RECORDS FOR THE TASK:
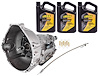 4R75W Performance Transmission Kit for 2005-2008 Ford 2WD Trucks - image 1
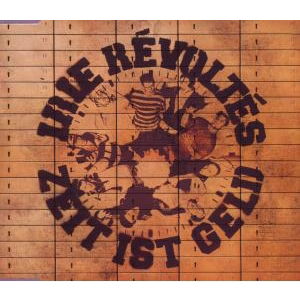 Cover for Irie Revoltes · Zeit Ist Geld (SCD) (2009)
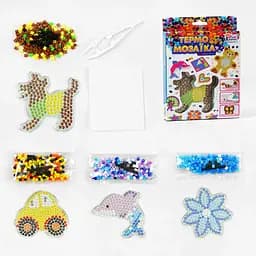 Термомозаїка 35814 4FUN Game Club, в коробці (6966804260153) Микс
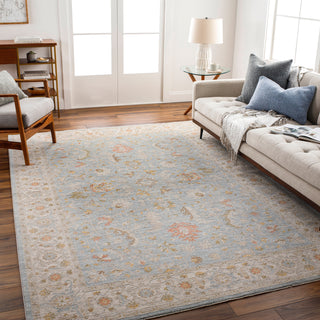 Surya Avant Garde AVT-2371 Taupe Area Rug Room Scene Feature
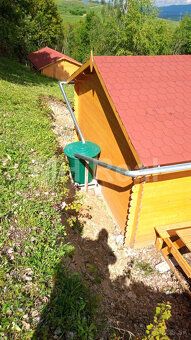 Ponúkame Vám miesto na relax, oddych v chatovej oblasti Kave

WHAT YOU ARE ASKED TO DO:
Every entry above should be returned exactly, with no images included.

SOLUTION:
 4R75W Performance Transmission Kit for 2005-2008 Ford 2WD Trucks - image 1
 Cover for Irie Revoltes · Zeit Ist Geld (SCD) (2009)
 Термомозаїка 35814 4FUN Game Club, в коробці (6966804260153) Микс
 Surya Avant Garde AVT-2371 Taupe Area Rug Room Scene Feature
 Ponúkame Vám miesto na relax, oddych v chatovej oblasti Kave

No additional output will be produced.